Yohendrick Pinango photo by Todd Johnson

When I first saw Yohendrick Pinango in person, I was surprised that he was a little bit bigger than I thought. The then 19-year-old had just been promoted to South Bend and was more than holding his own in High Class A. While it was just 24 games, he hit .289 at South Bend and between there and Myrtle Beach, he had a .700 OPS for the year. He’s all of 19-years-old and will be until May of 2022.

Made from a pic by Stephanie Lynn

Basic Information
Age – 19
Height – 5-foot-11
Weight – 170 at signing
Bat’s – Left
Throws – Left
2022 affiliate – South Bend, Tennessee
Signed as an international free agent in 2018

Pinango began his career in 2019 just after turning 17. He was one of the more impressive prospects that summer as he hit .358 with a .427 on base percentage. He did not exude a lot of power, but his ability to put the bat on the ball is something the Cubs like.

In the past, we’ve seen several prospects come stateside after tearing it up in the Dominican and fall flat. For Pinango, he had three hurdles to get over this year. One was that nobody played in 2020. Two, he was skipping the rookie league in Arizona. And three he was also skipping what would’ve been a short season stop at Eugene. So in all, he’s basically jumping three levels. 

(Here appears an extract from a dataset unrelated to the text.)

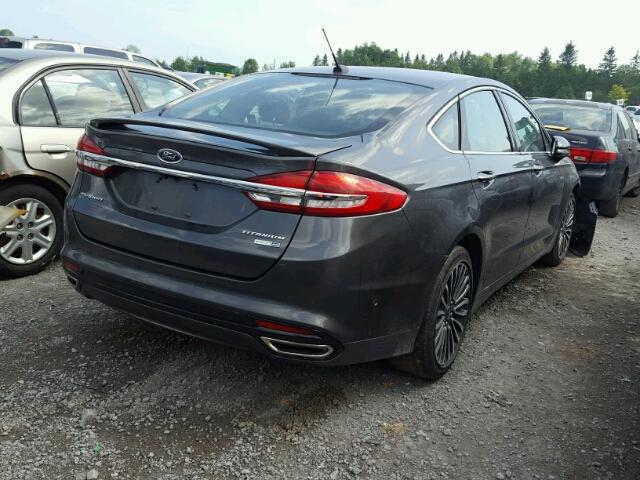 3FA6P0D93HR255838 - 2017 FORD FUSION TIT GRAY photo 4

It didn’t phase him at all.

Pinango hit .270 for the first three months of the season with Myrtle Beach and was known for going to left field quite often. In fact it was a constant barrage of balls to the left. You don’t get to see that a lot from players in Low-A baseball. Usually, most guys are trying to pull the heck out of the baseball.

In the DSL, he went to left 51% of the time. That dropped to 39% at Myrtle Beach and 36% at South Bend. Those are still some amazing numbers.

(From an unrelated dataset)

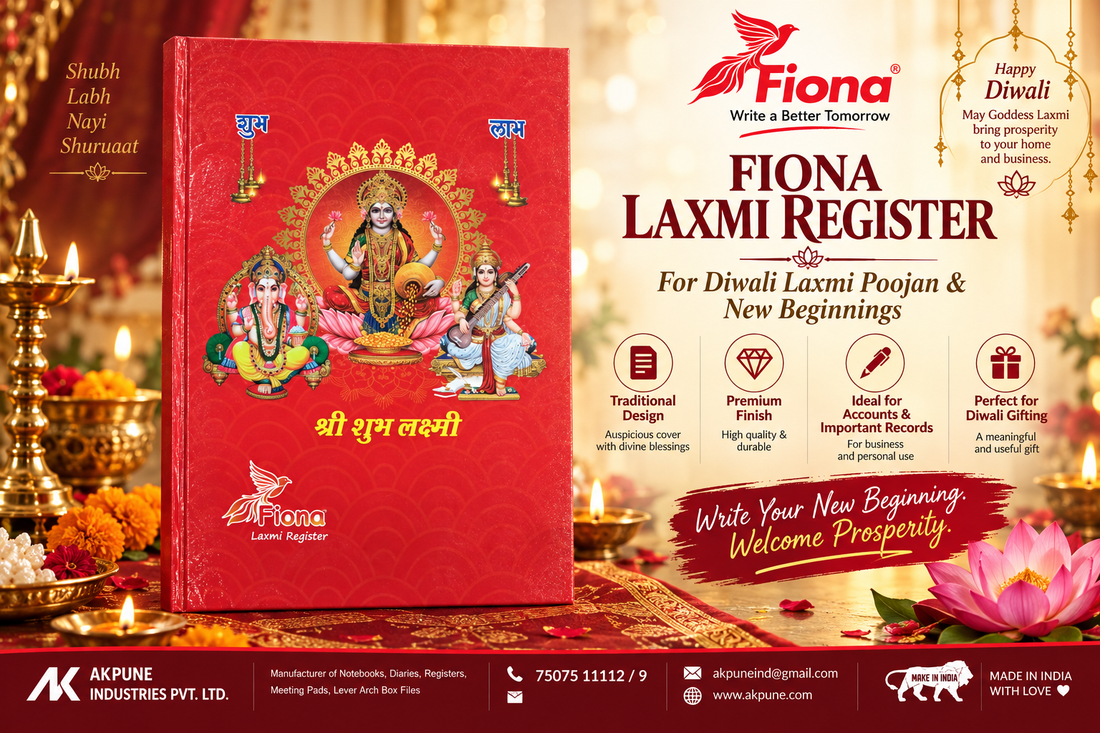 Fiona Laxmi Register – A Special Register for Diwali Laxmi Poojan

I got to see him play quite a bit the last month in Beloit and Quad Cities and I came away with a pretty good sense of some things he needs to do for 2022.

2022 To-Do List

1. Relax

If you’ve ever dealt with a 19-year-old baseball player, one of the hardest things to get them to do is to relax at the plate. Pinango, he’s always on the go constantly talking about the game, and good luck to anybody who tries to stop that. But one of the things I thought often was he would try to do too much in the moment. He just needs to relax and be in the moment. He can’t get a ball and drive the other way if he’s not pitched a certain way. He’s got to be able to turn on a fastball with his hands or take it right back up the middle. He can only hit what a pitcher throws. If there is a man on base in front of him, take what the pitcher gives you and square it up in whatever direction is best.

2. Don’t change anything else

 There’s really not a lot to dislike here. You might want to see him elevate the ball some more or pull it more frequently as he’s clearly not 170 pounds anymore. He knows where the weight room is and he’s a pretty strong young kid. It’s clear that he lives, breaths, and eats baseball 24 hours a day. The way he and Alexander Canario talk about how they’re being pitched can only benefit each other in the long run.

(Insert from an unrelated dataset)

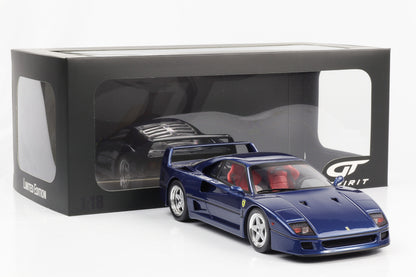 1:18 Ferrari F40 blau metallic 1987 GT Spirit GT914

There’s really not much left for him to improve on. He’s a pretty good defender. He could take better routes, but so could everybody in the minor leagues. His arm is solid and his head is in the game on every pitch. It’s an obsession for him, which is what you want.

As for his career path, he is good enough to begin the year at Tennessee, but the Cubs are going to hold off on that idea for a couple of months. He turns 20 on May 7 and it would not surprise me to see him playing at Double-A at some point in June or early July. It’s impressive that he’ll be 20-years-old and at Double-A. And that’s where his true test is really going to begin. I don’t see High-A baseball being that much of a challenge for him. He just needs to polish up one or two things up. 

I’m wondering if we’re going to see more power from him this year or are the Cubs not going to tinker with his swing any.

We’ll find out soon enough.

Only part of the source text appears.